Among other IOC recommendations -- which Bach said were agreed unanimously, the IOC said "teams of athletes with a Russian or Belarusian passport cannot be considered".
Also missing out will be "athletes who actively support the war" as well as "athletes who are contracted to the Russian or Belarusian military or national security agencies".
Bach reiterated that the sanctions against "those responsible for the war, the Russian and Belarusian states and governments", must remain in place, having first been introduced after Russian President Vladimir Putin ordered the invasion of Ukraine in February 2022.
That means that Russia and Belarus are unable to organise an international sports events on their territory.
Additionally, "no flag, anthem, colours or any other identifications whatsoever of these countries displayed at any sports event or meeting, including the entire venue" and "no Russian and Belarusian government or state official can be invited to or accredited for any international sports event or meeting".
Bach, speaking after the executive board meeting in Lausanne, said a decision on athletes from Russia and Belarus taking part in Paris 2024 and the 2026 Winter Olympics, however, would be taken "at the appropriate time".
"The IOC will take this decision at the appropriate time, at its full discretion, and without being bound by the results of previous Olympic qualification competitions," Bach said.
"We want to monitor the implementation of these recommendations as long as possible... to be enabled to take an informed decision."
The board, he said, "did not consider it appropriate to give a timeline... no one knows what's happening tomorrow or in nine months".
Bach added that the "participation of athletes with a Russian or Belarusian passport at the Olympic Games Paris 2024 was not considered either in the consultations or in its deliberations today".
"The IOC expressly reserves the right to decide about their participation at the appropriate time, even if they would be considered to have qualified according to the qualification criteria set by their respective International Federations (IFs).

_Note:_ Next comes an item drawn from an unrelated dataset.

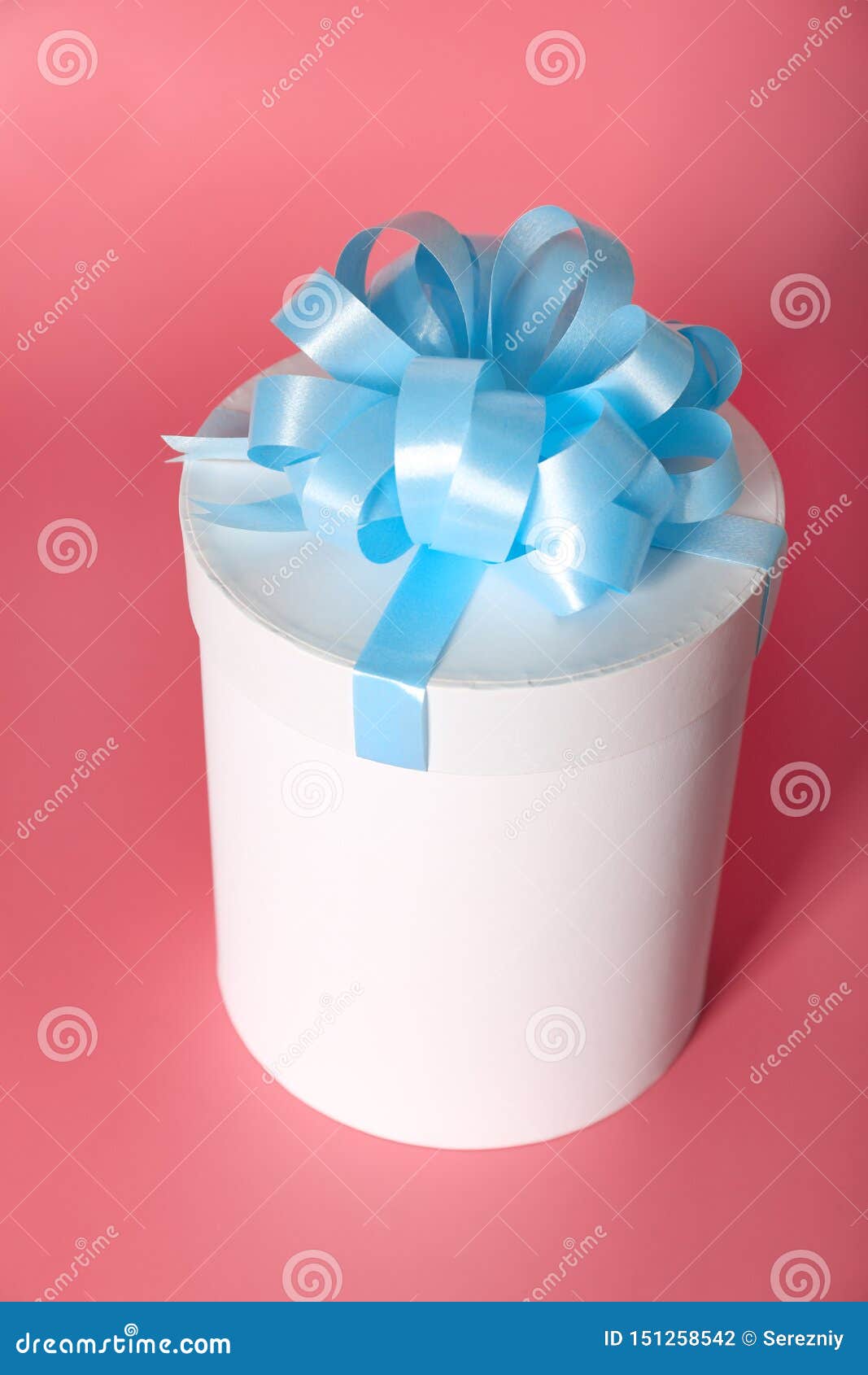 Gift Box with Blue Ribbon on Color Background Stock Photo Image of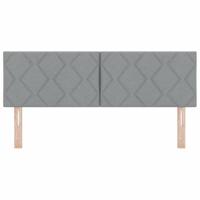 Hoofdbord met LED -striplichten Lichtgrijs 160 cm Stof - thumbnail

"The IOC will closely monitor the full implementation of these recommendations by all parties concerned.
"The results of this monitoring procedure will be an important factor in the decision by the IOC concerning the participation of athletes with a Russian or Belarusian passport in the Olympic Games Paris 2024 and the Olympic Winter Games Milano Cortina 2026."
More than 300 active and former fencers had earlier called on Bach, who won Olympic fencing team gold in 1976, to uphold the ban on Russian and Belarusian athletes.
The FIE, the world fencing body, ruled this month to allow Russian and Belarusian fencers to return to international competition, becoming the first Olympic sport to reopen its events to athletes from the two countries.
In a hard-hitting letter, the fencers accused Bach and the interim president of their federation, Emmanuel Katsiadakis, of prioritising Russians ahead of Ukrainians and dismissed the notion of neutrality, saying "athletes were and will be instrumentalised for Putin's propaganda".